The data —
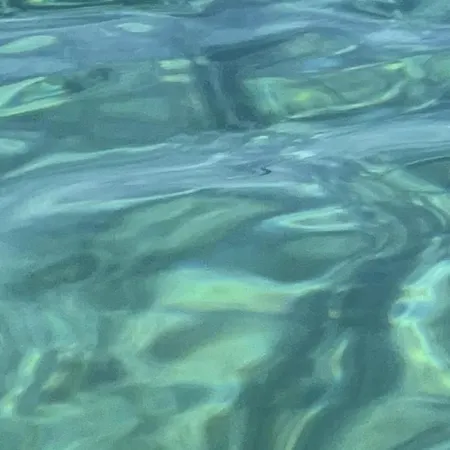 Lejlighed Con Vista *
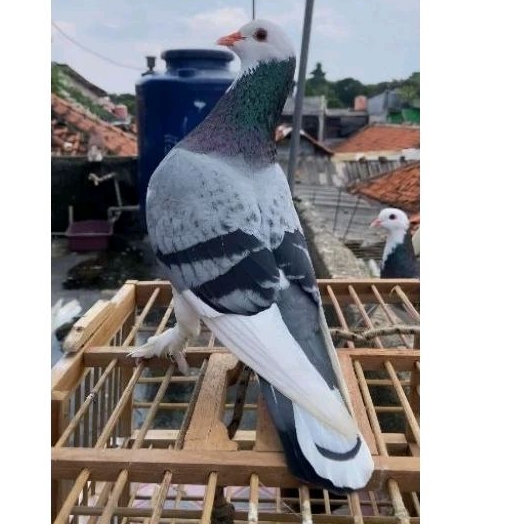 Burung Dara Merpati Tinggian Kolongan Giring Pasangan Satuan Jantan Betina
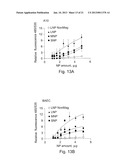 Uniform Field Magnetization and Targeting of Therapeutic Formulations diagram and image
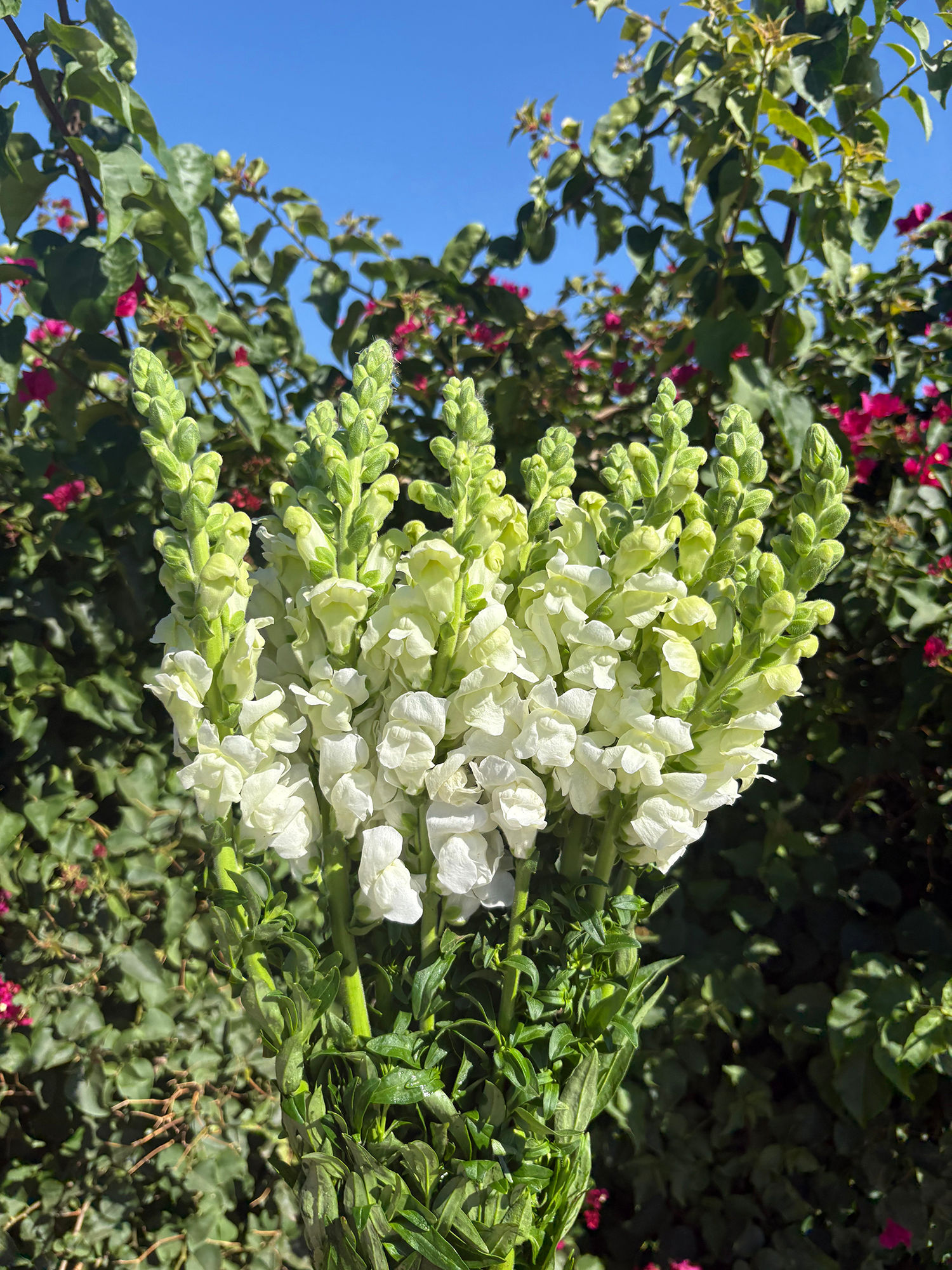 #B4 - White Snap Dragon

Work required — Retype all of the data above word for word, excluding the pictures.

Task result —
 Lejlighed Con Vista *
 Burung Dara Merpati Tinggian Kolongan Giring Pasangan Satuan Jantan Betina
 Uniform Field Magnetization and Targeting of Therapeutic Formulations diagram and image
 #B4 - White Snap Dragon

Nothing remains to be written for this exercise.